Reputation: 147
I would like to have R return a list of all Excel files within a folder that contain one of a number of IDs within the file itself - I am not looking at filenames, for which list.files could be used. Below code sets the filepath and creates a list of the necessary IDs to search for, is there a simple way of having R loop through each file in the folder and return a list of files that have at least one matching ID within the data contained in the file itself, not the filename?
#Set filepath
MYFILEPATH <- "\\\\dcfnetwork\\data\\\\R\\Test Folder"
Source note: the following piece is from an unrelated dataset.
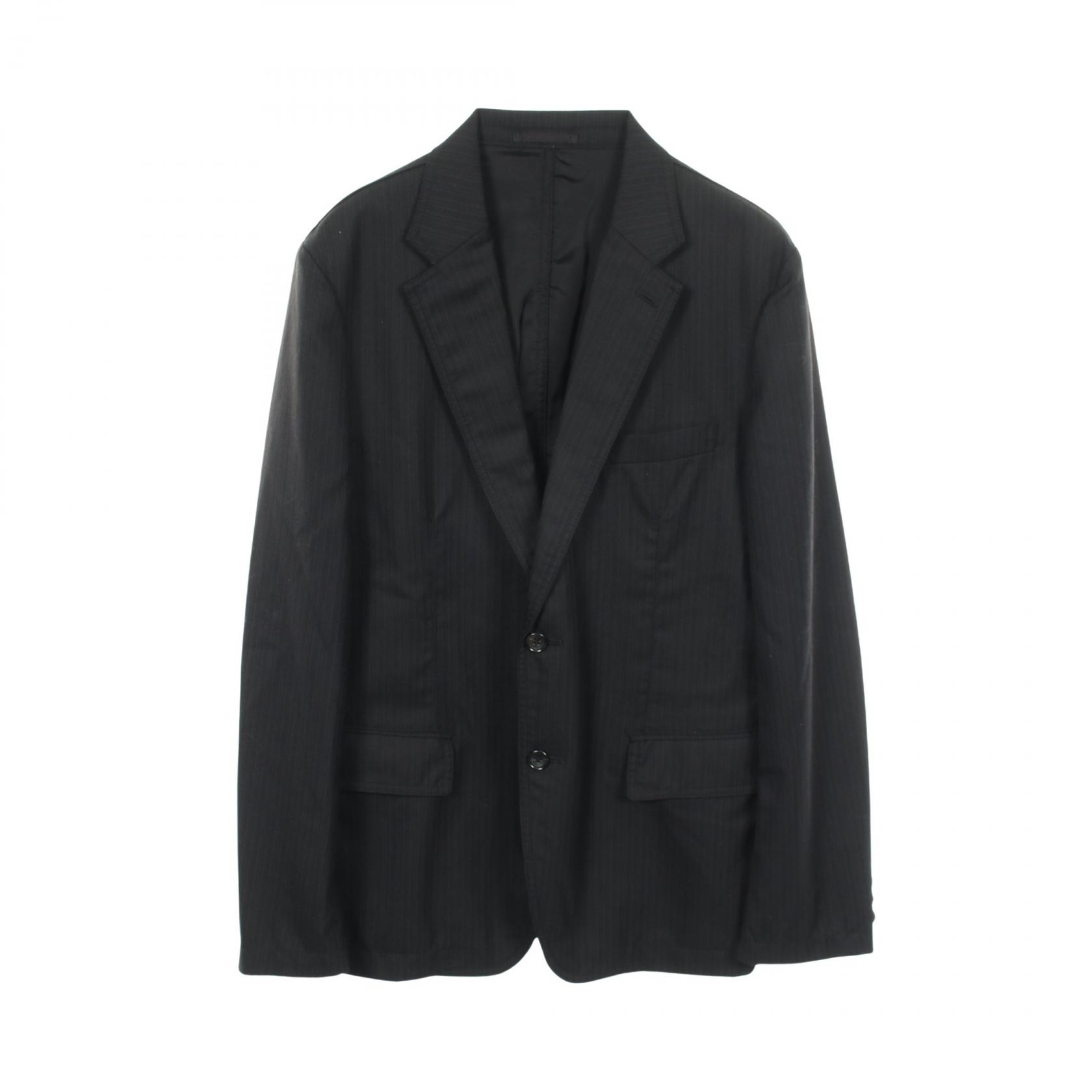 【10%OFFクーポン 7/21 10時~7/26 9:59】コムデギャルソンオム COMME des GARCONS HOMME ストライプ テーラードジャケット 衣料品 アウター ウール ブラック系 【中古】|RECLO(リクロ)店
#set list of IDs to check for
IDList <- c("l21", "d66", "f53")
Upvotes: 0
Views: 453
Reputation: 10637
This will give your file paths to Escel files having at leat one id in at least one cell in at least one worksheet:
library(tidyverse)
library(readxl)
IDList <- c("l21", "d66", "f53")
names(IDList) <- IDList
data <-
tibble(id = IDList) %>%
expand_grid(file = list.files("files/", pattern = "xlsx?$", full.names = TRUE)) %>%
mutate(
# for all combos of id and file
contains_id = map2_lgl(id, file, function(id, file) {
# for all worksheets
excel_sheets(file) %>%
map(~ read_excel(file, sheet = .x)) %>%
# tibble to text
map(~ .x %>%
as.character() %>%
paste0(collapse = " ")) %>%
# detect pattern
map(~ .x %>% str_detect(id)) %>%
# one occurrence in any sheet is sufficient
any()
})
)
#> # A tibble: 6 x 3
#> id file contains_id
#> <chr> <chr> <lgl>
#> 1 l21 files//file1.xlsx FALSE
#> 2 l21 files//file2.xlsx TRUE
#> 3 d66 files//file1.xlsx FALSE
#> 4 d66 files//file2.xlsx TRUE
#> 5 f53 files//file1.xlsx TRUE
#> 6 f53 files//file2.xlsx FALSE
data %>%
filter(contains_id) %>%
pull(file) %>%
unique()
#> [1] "files//file1.xlsx" "files//file2.xlsx"
Created on 2021-11-25 by the reprex package (v2.0.1)
Sheet 2 of file1.xlsx:
x y
f53 1
f53 2
Sheet 1 of file2.xlsx:
x y
1 d66
2 l21
Upvotes: 1